┌─ THE INPUT

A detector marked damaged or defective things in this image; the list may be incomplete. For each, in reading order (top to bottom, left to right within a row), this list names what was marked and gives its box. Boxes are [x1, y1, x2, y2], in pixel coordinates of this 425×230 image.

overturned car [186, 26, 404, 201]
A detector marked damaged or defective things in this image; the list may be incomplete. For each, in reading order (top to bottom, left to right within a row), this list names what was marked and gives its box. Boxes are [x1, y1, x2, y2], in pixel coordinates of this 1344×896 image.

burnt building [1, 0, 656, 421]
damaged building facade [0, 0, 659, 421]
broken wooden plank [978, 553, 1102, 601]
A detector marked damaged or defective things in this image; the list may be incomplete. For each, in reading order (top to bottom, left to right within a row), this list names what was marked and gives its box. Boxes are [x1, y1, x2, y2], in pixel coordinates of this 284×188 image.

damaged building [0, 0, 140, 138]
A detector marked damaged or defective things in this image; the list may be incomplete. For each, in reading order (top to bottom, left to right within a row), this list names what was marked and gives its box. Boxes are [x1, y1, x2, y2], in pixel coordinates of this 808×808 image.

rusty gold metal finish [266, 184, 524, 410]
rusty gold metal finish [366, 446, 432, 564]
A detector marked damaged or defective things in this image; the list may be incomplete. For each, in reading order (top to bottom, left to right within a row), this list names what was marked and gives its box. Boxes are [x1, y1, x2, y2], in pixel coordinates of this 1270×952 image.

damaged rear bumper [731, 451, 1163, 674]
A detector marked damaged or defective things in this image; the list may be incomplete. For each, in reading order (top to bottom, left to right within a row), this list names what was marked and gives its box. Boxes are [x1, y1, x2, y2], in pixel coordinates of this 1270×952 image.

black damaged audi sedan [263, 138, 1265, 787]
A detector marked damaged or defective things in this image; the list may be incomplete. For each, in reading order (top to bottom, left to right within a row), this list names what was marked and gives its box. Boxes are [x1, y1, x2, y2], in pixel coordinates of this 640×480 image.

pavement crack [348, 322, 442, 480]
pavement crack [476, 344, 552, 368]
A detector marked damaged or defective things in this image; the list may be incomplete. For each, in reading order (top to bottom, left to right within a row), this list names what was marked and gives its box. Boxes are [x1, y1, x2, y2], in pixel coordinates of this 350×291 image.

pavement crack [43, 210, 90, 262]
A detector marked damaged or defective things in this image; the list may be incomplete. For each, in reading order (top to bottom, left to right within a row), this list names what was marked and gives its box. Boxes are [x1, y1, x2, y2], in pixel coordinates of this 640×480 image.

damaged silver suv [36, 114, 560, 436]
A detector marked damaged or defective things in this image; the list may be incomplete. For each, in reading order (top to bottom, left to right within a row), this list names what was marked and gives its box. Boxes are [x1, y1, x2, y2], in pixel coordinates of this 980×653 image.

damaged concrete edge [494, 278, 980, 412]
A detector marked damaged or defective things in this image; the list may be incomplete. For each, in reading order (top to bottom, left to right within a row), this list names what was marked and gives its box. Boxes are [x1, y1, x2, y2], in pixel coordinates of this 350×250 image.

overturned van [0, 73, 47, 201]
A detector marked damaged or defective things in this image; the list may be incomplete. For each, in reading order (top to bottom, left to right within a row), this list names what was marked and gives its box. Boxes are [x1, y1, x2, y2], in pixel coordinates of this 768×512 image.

└─

**INSTRUCTIONS FOR THE TASK:**
Output the records exactly.

**SOLUTION BELOW:**
A detector marked damaged or defective things in this image; the list may be incomplete. For each, in reading order (top to bottom, left to right within a row), this list names what was marked and gives its box. Boxes are [x1, y1, x2, y2], in pixel coordinates of this 425×230 image.

overturned car [186, 26, 404, 201]
A detector marked damaged or defective things in this image; the list may be incomplete. For each, in reading order (top to bottom, left to right within a row), this list names what was marked and gives its box. Boxes are [x1, y1, x2, y2], in pixel coordinates of this 1344×896 image.

burnt building [1, 0, 656, 421]
damaged building facade [0, 0, 659, 421]
broken wooden plank [978, 553, 1102, 601]
A detector marked damaged or defective things in this image; the list may be incomplete. For each, in reading order (top to bottom, left to right within a row), this list names what was marked and gives its box. Boxes are [x1, y1, x2, y2], in pixel coordinates of this 284×188 image.

damaged building [0, 0, 140, 138]
A detector marked damaged or defective things in this image; the list may be incomplete. For each, in reading order (top to bottom, left to right within a row), this list names what was marked and gives its box. Boxes are [x1, y1, x2, y2], in pixel coordinates of this 808×808 image.

rusty gold metal finish [266, 184, 524, 410]
rusty gold metal finish [366, 446, 432, 564]
A detector marked damaged or defective things in this image; the list may be incomplete. For each, in reading order (top to bottom, left to right within a row), this list names what was marked and gives its box. Boxes are [x1, y1, x2, y2], in pixel coordinates of this 1270×952 image.

damaged rear bumper [731, 451, 1163, 674]
A detector marked damaged or defective things in this image; the list may be incomplete. For each, in reading order (top to bottom, left to right within a row), this list names what was marked and gives its box. Boxes are [x1, y1, x2, y2], in pixel coordinates of this 1270×952 image.

black damaged audi sedan [263, 138, 1265, 787]
A detector marked damaged or defective things in this image; the list may be incomplete. For each, in reading order (top to bottom, left to right within a row), this list names what was marked and gives its box. Boxes are [x1, y1, x2, y2], in pixel coordinates of this 640×480 image.

pavement crack [348, 322, 442, 480]
pavement crack [476, 344, 552, 368]
A detector marked damaged or defective things in this image; the list may be incomplete. For each, in reading order (top to bottom, left to right within a row), this list names what was marked and gives its box. Boxes are [x1, y1, x2, y2], in pixel coordinates of this 350×291 image.

pavement crack [43, 210, 90, 262]
A detector marked damaged or defective things in this image; the list may be incomplete. For each, in reading order (top to bottom, left to right within a row), this list names what was marked and gives its box. Boxes are [x1, y1, x2, y2], in pixel coordinates of this 640×480 image.

damaged silver suv [36, 114, 560, 436]
A detector marked damaged or defective things in this image; the list may be incomplete. For each, in reading order (top to bottom, left to right within a row), this list names what was marked and gives its box. Boxes are [x1, y1, x2, y2], in pixel coordinates of this 980×653 image.

damaged concrete edge [494, 278, 980, 412]
A detector marked damaged or defective things in this image; the list may be incomplete. For each, in reading order (top to bottom, left to right within a row), this list names what was marked and gives its box. Boxes are [x1, y1, x2, y2], in pixel coordinates of this 350×250 image.

overturned van [0, 73, 47, 201]
A detector marked damaged or defective things in this image; the list may be incomplete. For each, in reading order (top to bottom, left to right within a row), this list names what was marked and gives its box. Boxes are [x1, y1, x2, y2], in pixel coordinates of this 768×512 image.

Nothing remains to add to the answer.